Quarante migrants tunisiens disparus en mer, activement recherchés par les autorités

Une quarantaine de migrants tunisiens qui tentaient de rallier clandestinement l’Italie par la mer sont portés disparus depuis cinq jours, a annoncé mardi 16 janvier la Garde nationale tunisienne.

Les Tunisiens qui ont pris part à cette « opération d’émigration irrégulière » étaient partis de la ville de Sfax (centre-est du pays) dans la nuit du 10 au 11 janvier à bord d’une embarcation qui devait les transporter jusqu’aux côtes italiennes, a précisé la Garde nationale dans un communiqué.

Elle a ajouté avoir lancé des recherches mobilisant d’importants moyens pour tenter de retrouver les personnes disparues après avoir été alertée par des proches ayant perdu tout contact avec elles. Des vidéos et des photos publiées sur la page Facebook des autorités montrent le déploiement des opérations de recherche en mer.

La Tunisie est, avec la Libye, le principal point de départ pour des milliers de migrants qui cherchent à se rendre en Europe.

Écrasante majorité de Subsahariens dans les départs depuis Sfax

Sur les 11 premiers mois de l’année 2023, le nombre de candidats à l’émigration clandestine interceptés par les autorités tunisiennes s’était établi à 69 963 personnes, soit plus du double pour la même période l’année précédente, selon des statistiques transmises à l’AFP par le porte-parole de la Garde nationale.

Dans le détail, 77,5% (plus de 54 000) étaient des étrangers, en majorité des ressortissants d’Afrique subsaharienne, et le reste des Tunisiens (plus de 15 000).

Ces départs de Noirs vers l’Europe ont connu une accélération en Tunisie après un discours fin février du président Kaïs Saïed, dénonçant l’arrivée « de hordes de migrants clandestins » qu’il avait présentés comme une menace démographique pour son pays.

L’écrasante majorité des candidats au départ est donc originaire d’Afrique subsaharienne.
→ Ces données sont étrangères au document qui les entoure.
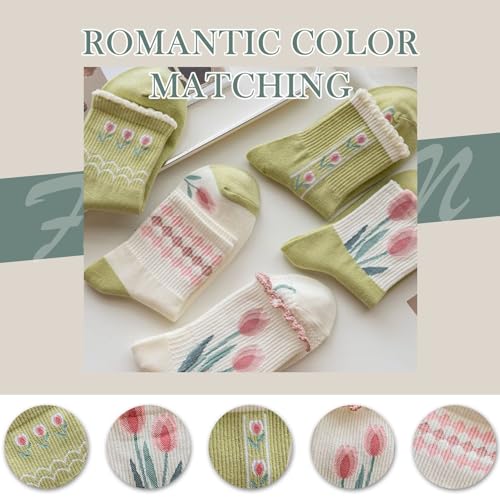 Image of 4 /5 Pack Cute Womens Floral Socks, Cotton Vintage Embroidered Casual Crew Socks, Girly Cottagecore Tulip Dress Socks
Et peu d’opérations de recherche sont lancées quand leurs canots disparaissent en mer – ou sont en difficulté.

Expulsions aux frontières

Pis, de nombreux exilés subsahariens accusent même les militaires tunisiens de maltraitance. Depuis le mois de septembre, InfoMigrants a recueilli plusieurs témoignages d’exilés subsahariens qui racontent avoir été immédiatement emmenés de force vers les zones frontalières du pays après leur interception en mer.

Ces expulsions ne sont pas nouvelles et rappellent celles observées durant l’été lorsque des milliers de migrants avaient été arrêtés à Sfax puis abandonnés dans le désert de Libye et d’Algérie. Des images de migrants subsahariens, à bout de force sous un soleil de plomb, avaient été largement diffusées sur les réseaux sociaux.
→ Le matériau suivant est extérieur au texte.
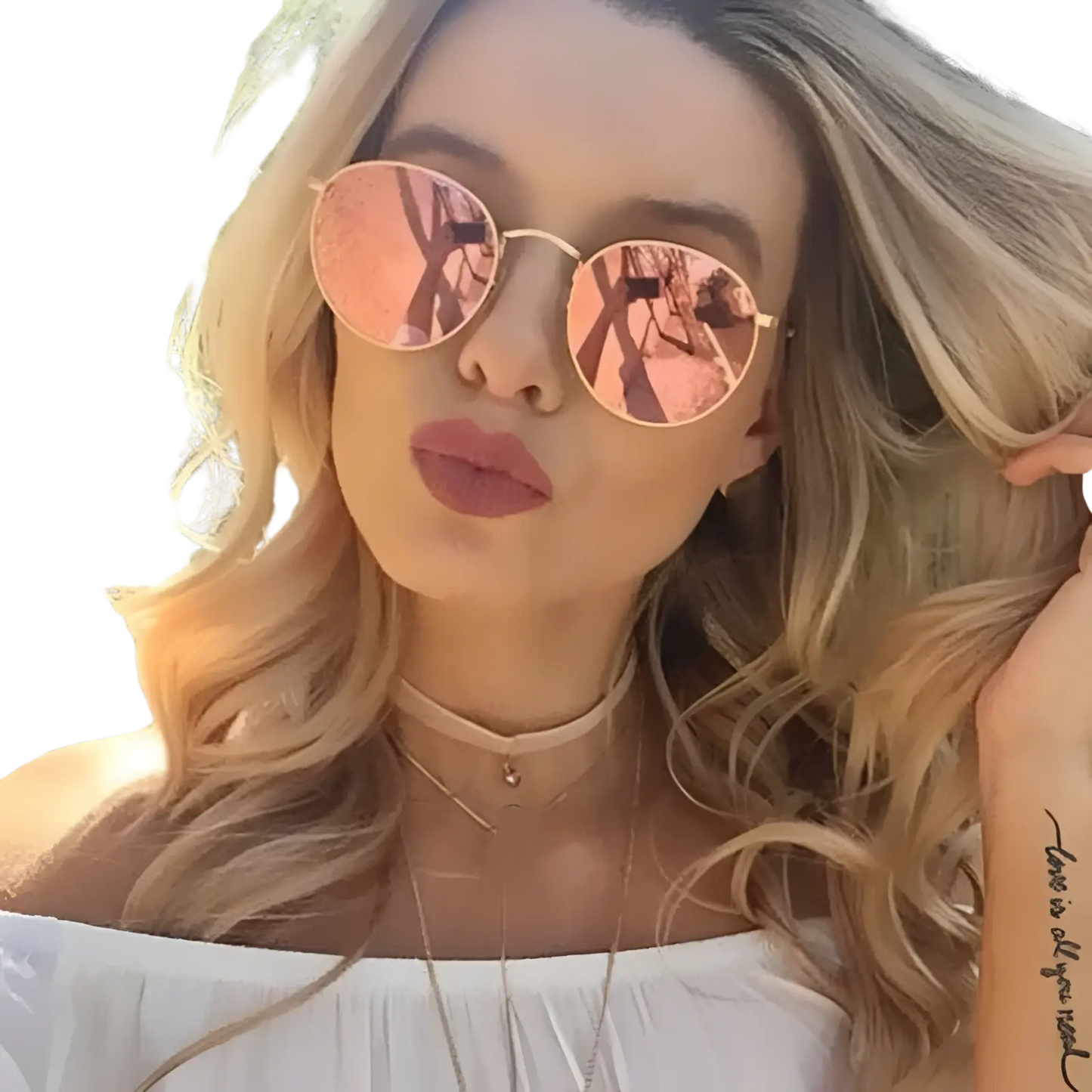 Rose Gold and Metallic Aviator Mirror Lens Sunglasses Set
Des migrants abandonnés dans le désert libyen à l'été 2023. Ici, un exilé pris en charge par les garde-frontières libyens.
Des migrants abandonnés dans le désert libyen à l’été 2023. Ici, un exilé pris en charge par les garde-frontières libyens.

 

Les histoires de Fati, une Ivoirienne, et de sa fille Marie, avaient également fait le tour du monde.

La mère et son enfant étaient mortes de soif et d’épuisement à la mi-juillet dans le désert après avoir été abandonnées là par les autorités de Tunis. Le 25 juillet, les garde-frontières libyens avaient publié une autre vidéo, relayée par le compte X (ex-Twitter) Refugees in Libya. On y apercevait le corps d’un homme et à côté, celui d’un enfant. Tous les deux gisaient l’un contre l’autre, sur le sable, au beau milieu du désert. La Tunisie a toujours rejeté ces accusations d’expulsions collectives.

Plus de 100 exilés sont morts dans le désert tuniso-libyen pendant l’été, selon les sources humanitaires.

En mer, le bilan est tout aussi dramatique. Plus de 2 270 personnes sont mortes en 2023 en Méditerranée centrale en tentant de rallier clandestinement l’Europe, soit 60% de plus que l’année précédente, selon les chiffres de l’Organisation internationale des migrations (OIM).